25 Jahre Mauerfall Berlin
© Klaus Kammermeier

© Klaus Kammermeier

Das erste Stück innerstädtischer Mauer sah ich, nachdem ich als Erstsemester eine Gartenhauswohnung in der Neuköllner Fuldastraße bezogen hatte. Ein Punk im Erdgeschoss beschallte den Innenhof mit seiner E-Gitarre, kein Klopfen half, kein Drohen und Fluchen. Ich war in Neukölln in einem ehemaligen Hundesalon gelandet und kratzte ein Wochenende lang von Hundehaar verfilzte Teppichbodenfliesen von den Dielen, und der Punk lachte über die Polizisten, die jemand gerufen hatte, damit sie ihm den Stecker zögen. 

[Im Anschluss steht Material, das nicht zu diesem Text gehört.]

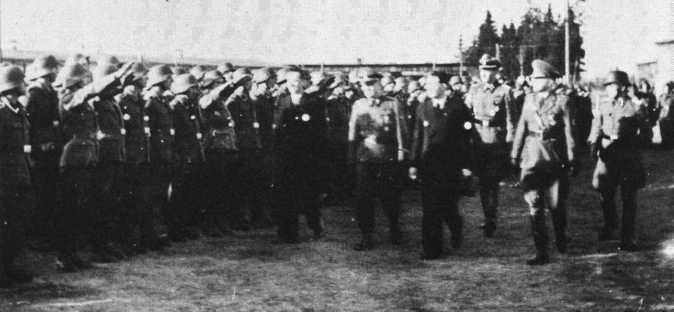 Comandantii trec �n revist� trupele legionare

Berlin hatte ich mir anders vorgestellt, das Studieren auch, aber es würde schon noch werden, dachte ich auf dem Weg nach draußen, ein Spaziergang sollte mich beruhigen, denn der Ärger über den Punk und die Hundehaare saß tief. Im Dämmerlicht schritt ich die Straße hinunter nach links, bald hatte ich Gras unter den Füßen, dann Erde. Eine Brücke führte über einen Kanal, dahinter blockierte die Mauer meinen Weg. Sie stand dort losgelöst von städtebaulicher Logik, und ich begriff eine Weile nicht, dass mein Weg hier ein Ende hatte. Vier Monate später hinterließ ich meine frisch lackierten Dielen einer dankbaren Nachmieterin, die sich auch um die Entsorgung der Teppichbodenfliesen, die ich in einem Zwischenboden gelagert hatte, kümmern wollte, und kehrte nach Bayern zurück, wo ich einige Jahre später den ersten vorbeifahrenden Trabis zuwinkte. 
25 Jahre später stehe ich am Vorabend des 9. November mit meiner Familie hinter dem Reichstag auf den Stufen, die hinunter zur Spree führen. Eine Doku zeigt Aufnahmen von damals, wir vergleichen, wir staunen. Auf dem Bildschirm wird einer erschossen, der hinüber will, und am Ufer drängen sich Menschen und folgen der Lichterspur des Mauerweges. „Wie oft hier wohl jemand ins Wasser fällt?“, wundert sich jemand, „kein Geländer hier, nichts – und so dunkel.“
Wenn das heute unsere einzige Sorge zum Hüben und Drüben dieses Ortes sein darf, sind wir doch weit gekommen!
Am Brandenburger Tor wird Udo gleich loslegen, wir sind spät.